5.3 Dynamic Prompt Generation
The coaching session check-in system correctly selects MI rewordings prioritized by domain severity. For each instrument, the top 3 most elevated domains drive the session questions. This was validated for SEIM (emotional_trigger leads), DOMM (adherence_impairment leads), CRSEM (ambivalence leads), and FSMCA (distributed across equally-low domains).
6. Corrections Applied During Testing
Two minor corrections were applied during testing:
LOCEA (locea_25)
Added inline reverse_scored:true marker on the item object. The scoring block already listed locea_25 in reverse_scored_items and the scoring engine was applying the reverse correctly. The marker was missing only as an inline annotation for structural consistency with how FSMCA and CRSEM mark their reverse-scored items.
CEFRA (Section G)
Changed scoring_method from "mean" to "trigger_mean" for the Trigger Food Mapping section. The trigger_load domain is intentionally scored separately from the 6 core symptom domains (it uses a different scale and feeds into the Trigger Load Score, not the Core Total Mean). The original "mean" value caused the domain alignment test to flag trigger_load as a missing core domain.

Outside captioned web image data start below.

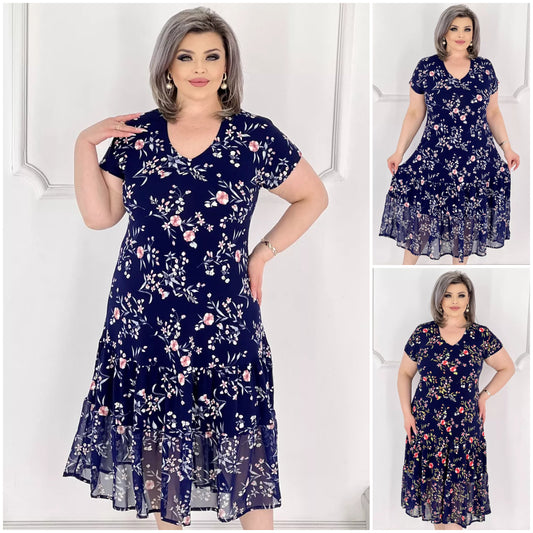 💥💕【S-5XL】Rochie de înaltă calitate, confortabilă și la modă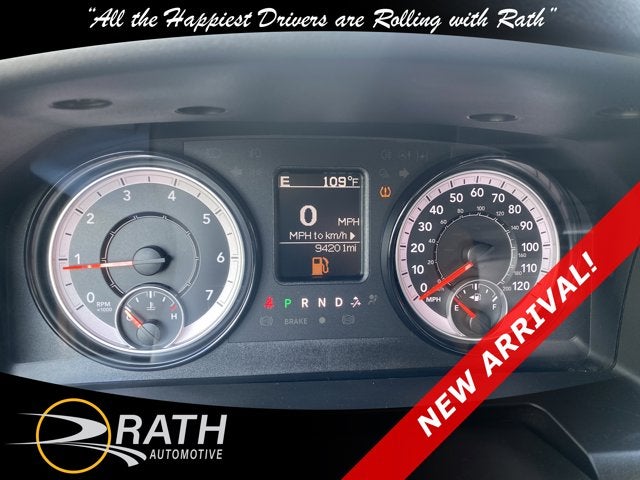 2021 RAM 1500 Classic Warlock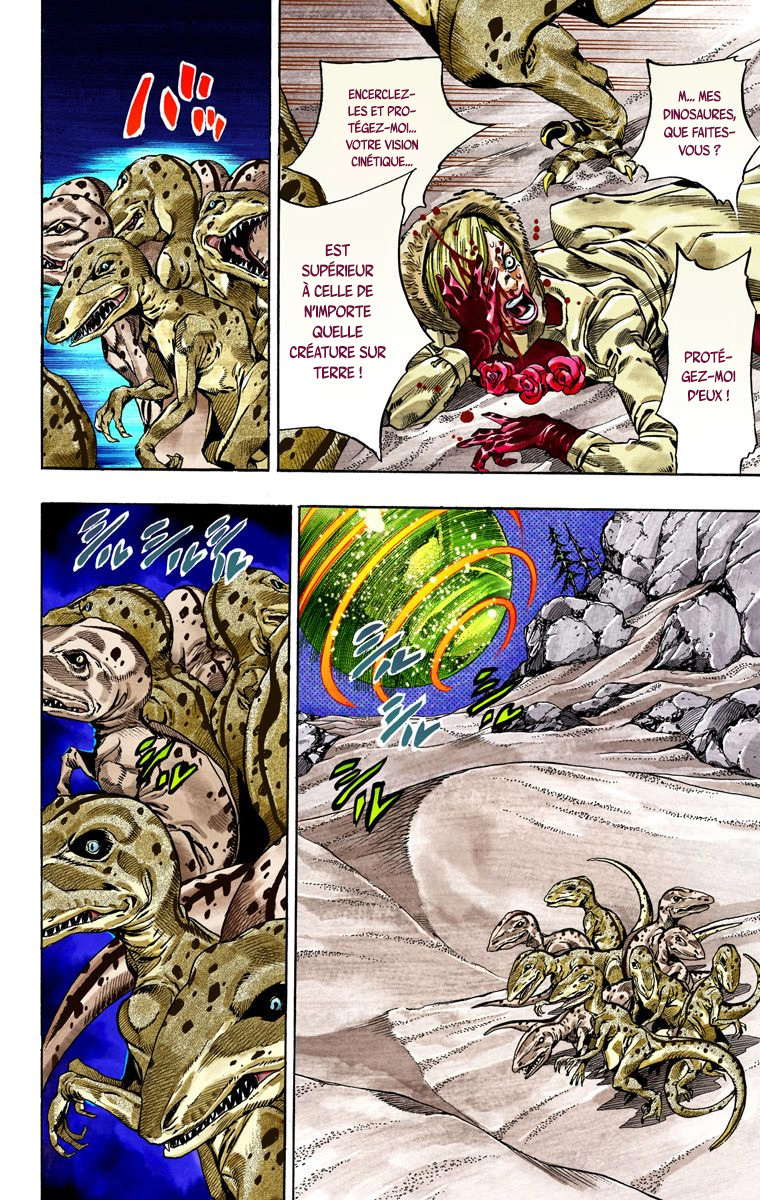 Read JoJo's Bizarre Adventure Part 7 Steel Ball Run Official Colored FR Manga Online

The fix makes the separation explicit in the schema.
7. Instruments Pending
Eight instruments are pending source document upload. All were delivered as Word document downloads in the original clinical development conversation and their full item text is not present in the Coaching Guidelines transcript. Domain architectures are documented in the transcript and will be used to validate the definitions once item text is available:
TNSDA
Trauma / Nervous System Dysregulation Assessment
6–7 domains, ~36 items
RRVA
Relapse and Regain Vulnerability Assessment
6 domains, ~36 items
WTPTHA
Weight Trajectory and Prior Treatment History
6 domains, mixed format with composite indices
BIWSSA
Body Image, Weight Stigma, and Shame Assessment
6 domains, ~36 items
SSSHEA
Social Support, Sabotage, and Household Environment Assessment
6 domains, ~36 items
NRAF-EF
Neurobehavioral Regulation / ADHD-Executive Function
6 domains, ~36 items
BLPA
Behavioral Learning Profile Assessment
Coaching style profiler, non-severity scoring
MRCA
Meal Rhythm and Chrononutrition Assessment
6 domains, ~30–36 items
8. Conclusion
All 11 deployed instrument definitions pass comprehensive automated testing with a 100% pass rate across 1,714 tests. The JSON structures correctly support:
Scoring & Reverse Scoring
Scoring, reverse scoring, phenotype classification, and cross-instrument trigger logic
Clinical Flags & Integration
Clinical flag evaluation, coaching stance selection, PHQ-9 integration triage, and apnea escalation
Dynamic Prompts & Cascade
Dynamic MI-based prompt generation and the full assessment cascade from MDOA through downstream instruments
The definitions are ready for integration with the assessment engine (assessment_engine.py) and the web-form rendering system (assessment.php). Upon receipt of the 8 pending source Word documents, the remaining definitions will be built to the same standard and subjected to the same test suite.